[Input data]:
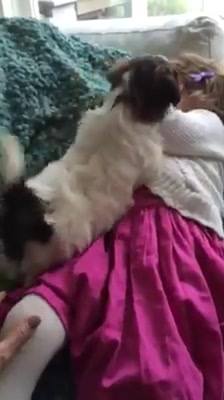 Very sad to report that our little puppy, Shayla passed away today.  We did everything we could, she was in hospital since Saturday.  

My girls are devastated.  But we are trying to remember the happ…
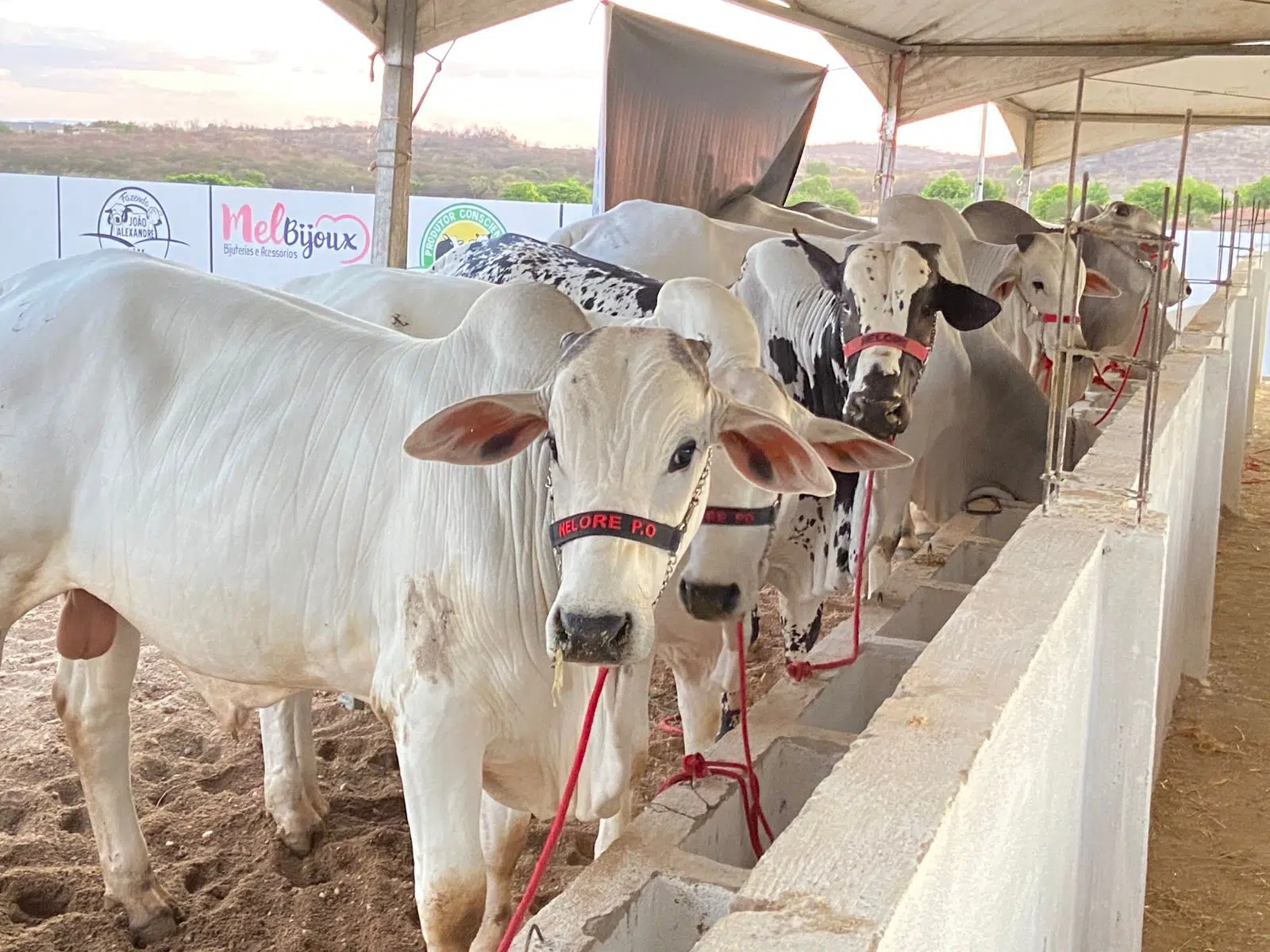 v leite do vale expo negÓcios ediÇÃo 2025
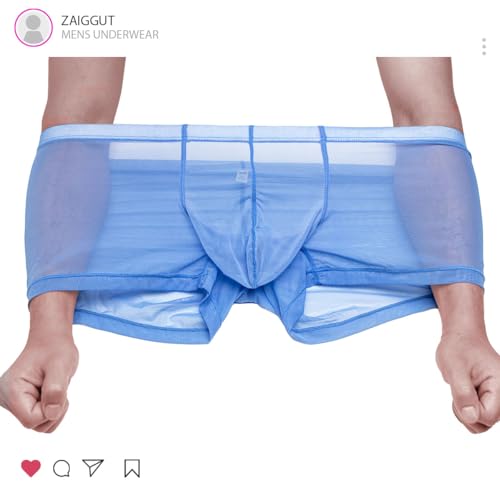 Mens See Throug Underwear Ultra Sheer Boxer Briefs with Bulge Pouch2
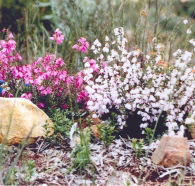 Stokes Bay Bush Garden - SA Accommodation
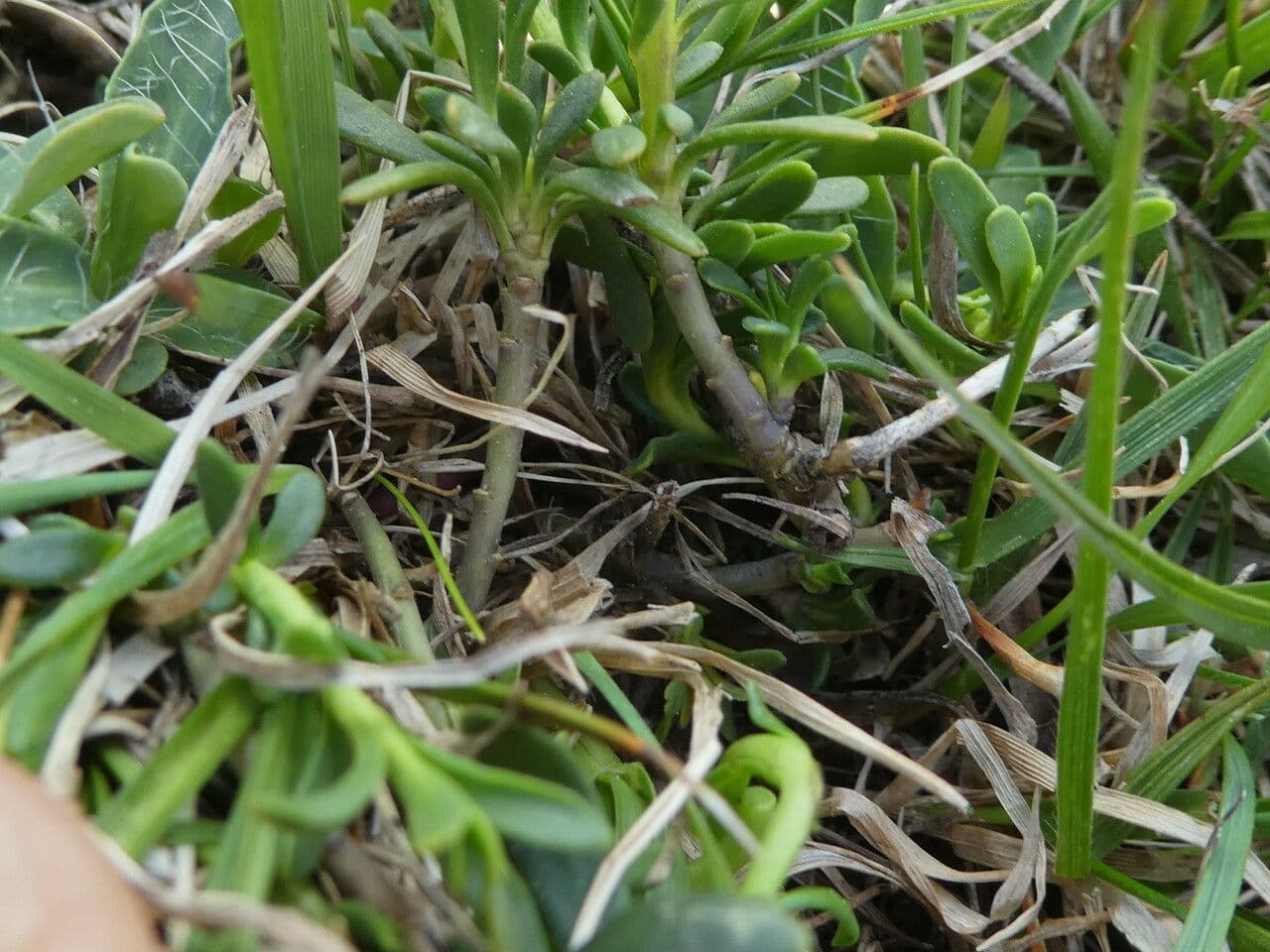 Iberis sempreverde 21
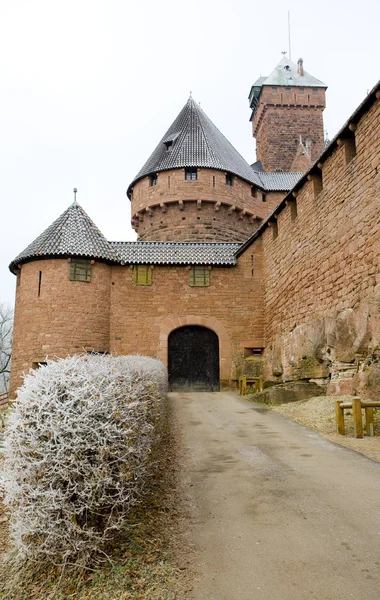 Замок Haut-Koenigsbourg — стокове фото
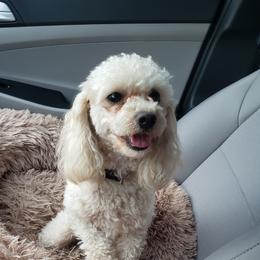Ellie - Poodle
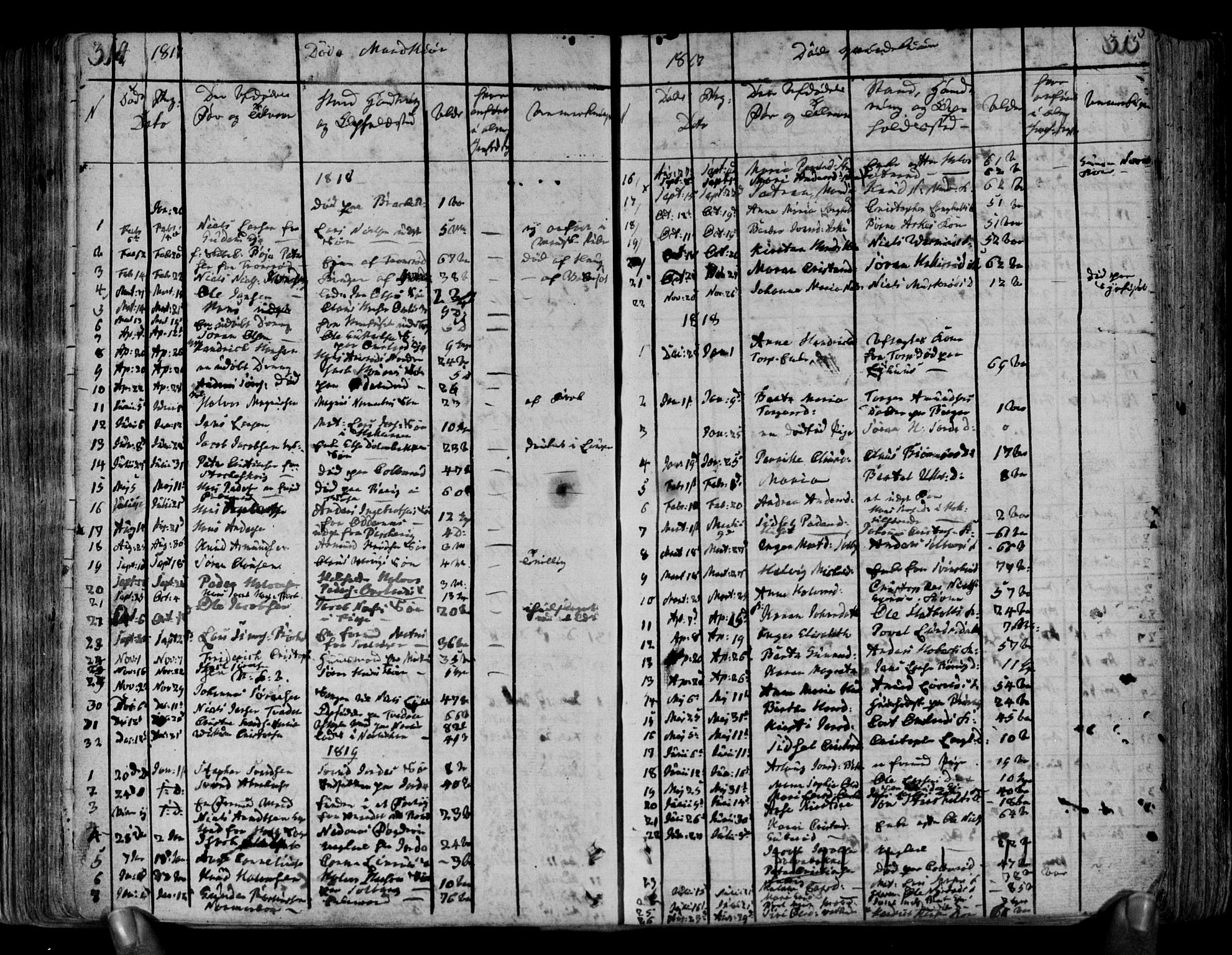 Brunlanes kirkebøker, AV/SAKO-A-342/F/Fa/L0002: Parish register (official) no. I 2, 1802-1834, p. 314-315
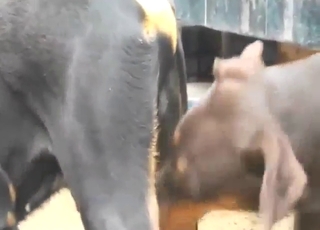 Doberman getting fucked with real pleasure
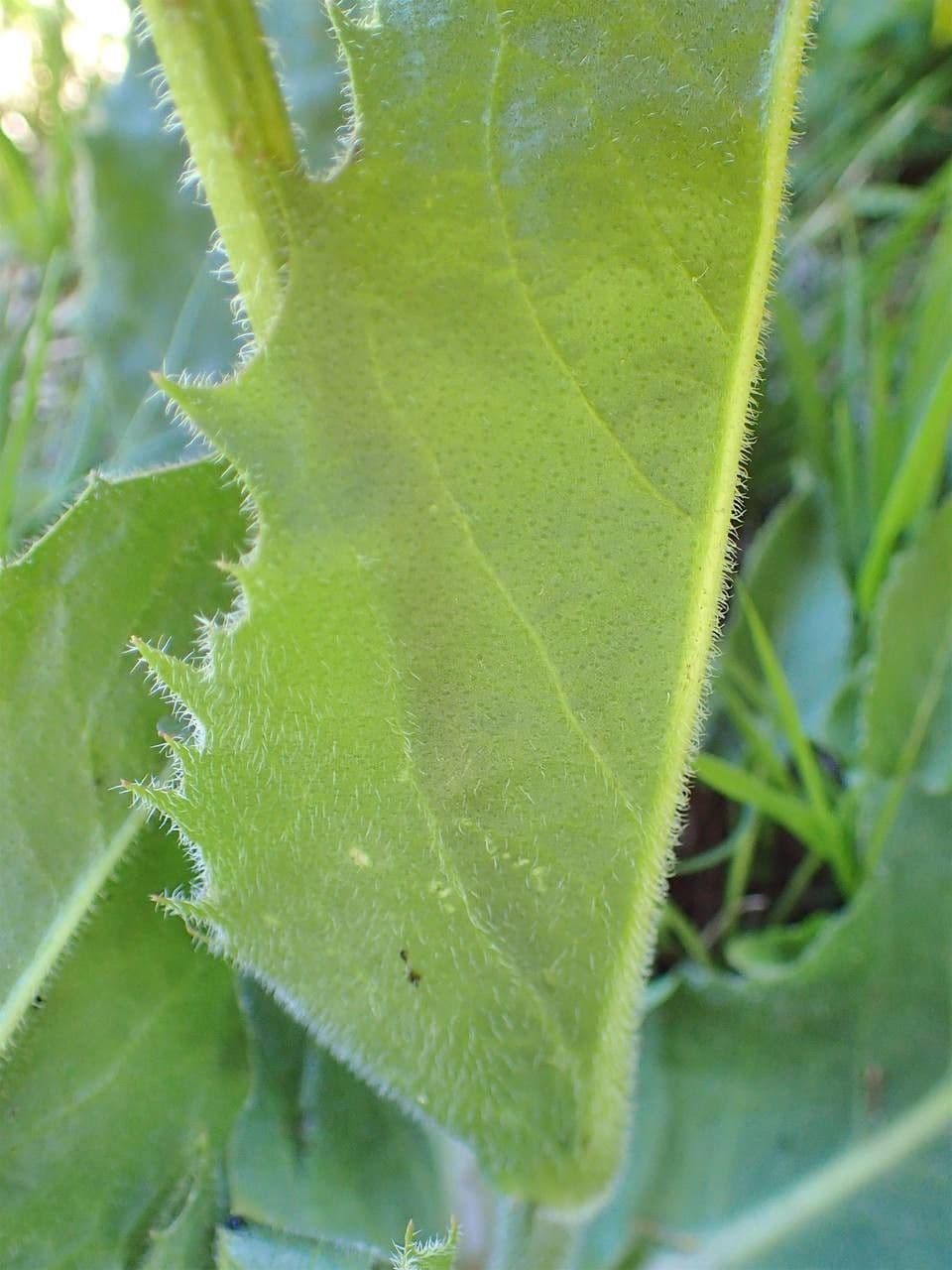 Costolina macchiata 25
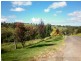 226 Daisy Hill Rd, Bega NSW 2550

[About this exercise]: An exact transcription is needed, covering the line with "Stokes Bay Bush Garden - SA Accommodation" and every line after it to the end of the entries, but not the pictures.

[Solution to the exercise]:
 Stokes Bay Bush Garden - SA Accommodation
 Iberis sempreverde 21
 Замок Haut-Koenigsbourg — стокове фото
Ellie - Poodle
 Brunlanes kirkebøker, AV/SAKO-A-342/F/Fa/L0002: Parish register (official) no. I 2, 1802-1834, p. 314-315
 Doberman getting fucked with real pleasure
 Costolina macchiata 25
 226 Daisy Hill Rd, Bega NSW 2550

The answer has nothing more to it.